[Task material]
▼▼▼

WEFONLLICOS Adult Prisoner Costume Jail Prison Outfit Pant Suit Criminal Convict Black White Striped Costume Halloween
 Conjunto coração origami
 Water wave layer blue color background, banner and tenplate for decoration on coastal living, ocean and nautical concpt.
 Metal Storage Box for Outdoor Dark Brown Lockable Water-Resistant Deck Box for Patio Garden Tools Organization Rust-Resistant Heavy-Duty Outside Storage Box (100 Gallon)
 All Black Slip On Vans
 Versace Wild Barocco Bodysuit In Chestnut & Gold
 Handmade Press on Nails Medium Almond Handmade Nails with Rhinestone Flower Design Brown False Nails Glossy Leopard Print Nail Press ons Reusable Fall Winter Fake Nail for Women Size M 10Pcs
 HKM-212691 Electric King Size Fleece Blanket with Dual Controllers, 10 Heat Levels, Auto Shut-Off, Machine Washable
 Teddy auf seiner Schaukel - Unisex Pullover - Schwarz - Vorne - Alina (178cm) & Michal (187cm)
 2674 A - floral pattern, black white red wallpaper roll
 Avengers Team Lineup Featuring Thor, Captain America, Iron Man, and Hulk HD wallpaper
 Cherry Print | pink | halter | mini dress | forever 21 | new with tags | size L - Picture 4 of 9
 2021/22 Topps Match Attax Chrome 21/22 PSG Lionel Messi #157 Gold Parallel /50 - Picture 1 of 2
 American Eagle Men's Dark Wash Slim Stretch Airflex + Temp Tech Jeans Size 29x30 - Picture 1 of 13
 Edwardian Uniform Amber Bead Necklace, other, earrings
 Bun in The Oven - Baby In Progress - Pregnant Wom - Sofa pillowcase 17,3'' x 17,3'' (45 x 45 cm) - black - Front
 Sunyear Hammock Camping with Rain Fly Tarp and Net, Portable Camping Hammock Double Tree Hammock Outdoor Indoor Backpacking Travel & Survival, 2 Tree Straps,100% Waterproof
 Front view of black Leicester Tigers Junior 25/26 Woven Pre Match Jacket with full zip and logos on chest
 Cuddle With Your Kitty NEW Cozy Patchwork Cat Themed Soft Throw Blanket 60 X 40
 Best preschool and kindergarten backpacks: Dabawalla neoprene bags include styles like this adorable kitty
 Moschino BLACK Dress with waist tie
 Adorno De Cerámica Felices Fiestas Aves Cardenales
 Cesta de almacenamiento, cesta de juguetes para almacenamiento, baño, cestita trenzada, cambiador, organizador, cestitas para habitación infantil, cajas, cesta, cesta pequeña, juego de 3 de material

▲▲▲

[What is expected]
For this exercise, transcribe all the records exactly.

[Task solution]
WEFONLLICOS Adult Prisoner Costume Jail Prison Outfit Pant Suit Criminal Convict Black White Striped Costume Halloween
 Conjunto coração origami
 Water wave layer blue color background, banner and tenplate for decoration on coastal living, ocean and nautical concpt.
 Metal Storage Box for Outdoor Dark Brown Lockable Water-Resistant Deck Box for Patio Garden Tools Organization Rust-Resistant Heavy-Duty Outside Storage Box (100 Gallon)
 All Black Slip On Vans
 Versace Wild Barocco Bodysuit In Chestnut & Gold
 Handmade Press on Nails Medium Almond Handmade Nails with Rhinestone Flower Design Brown False Nails Glossy Leopard Print Nail Press ons Reusable Fall Winter Fake Nail for Women Size M 10Pcs
 HKM-212691 Electric King Size Fleece Blanket with Dual Controllers, 10 Heat Levels, Auto Shut-Off, Machine Washable
 Teddy auf seiner Schaukel - Unisex Pullover - Schwarz - Vorne - Alina (178cm) & Michal (187cm)
 2674 A - floral pattern, black white red wallpaper roll
 Avengers Team Lineup Featuring Thor, Captain America, Iron Man, and Hulk HD wallpaper
 Cherry Print | pink | halter | mini dress | forever 21 | new with tags | size L - Picture 4 of 9
 2021/22 Topps Match Attax Chrome 21/22 PSG Lionel Messi #157 Gold Parallel /50 - Picture 1 of 2
 American Eagle Men's Dark Wash Slim Stretch Airflex + Temp Tech Jeans Size 29x30 - Picture 1 of 13
 Edwardian Uniform Amber Bead Necklace, other, earrings
 Bun in The Oven - Baby In Progress - Pregnant Wom - Sofa pillowcase 17,3'' x 17,3'' (45 x 45 cm) - black - Front
 Sunyear Hammock Camping with Rain Fly Tarp and Net, Portable Camping Hammock Double Tree Hammock Outdoor Indoor Backpacking Travel & Survival, 2 Tree Straps,100% Waterproof
 Front view of black Leicester Tigers Junior 25/26 Woven Pre Match Jacket with full zip and logos on chest
 Cuddle With Your Kitty NEW Cozy Patchwork Cat Themed Soft Throw Blanket 60 X 40
 Best preschool and kindergarten backpacks: Dabawalla neoprene bags include styles like this adorable kitty
 Moschino BLACK Dress with waist tie
 Adorno De Cerámica Felices Fiestas Aves Cardenales
 Cesta de almacenamiento, cesta de juguetes para almacenamiento, baño, cestita trenzada, cambiador, organizador, cestitas para habitación infantil, cajas, cesta, cesta pequeña, juego de 3 de material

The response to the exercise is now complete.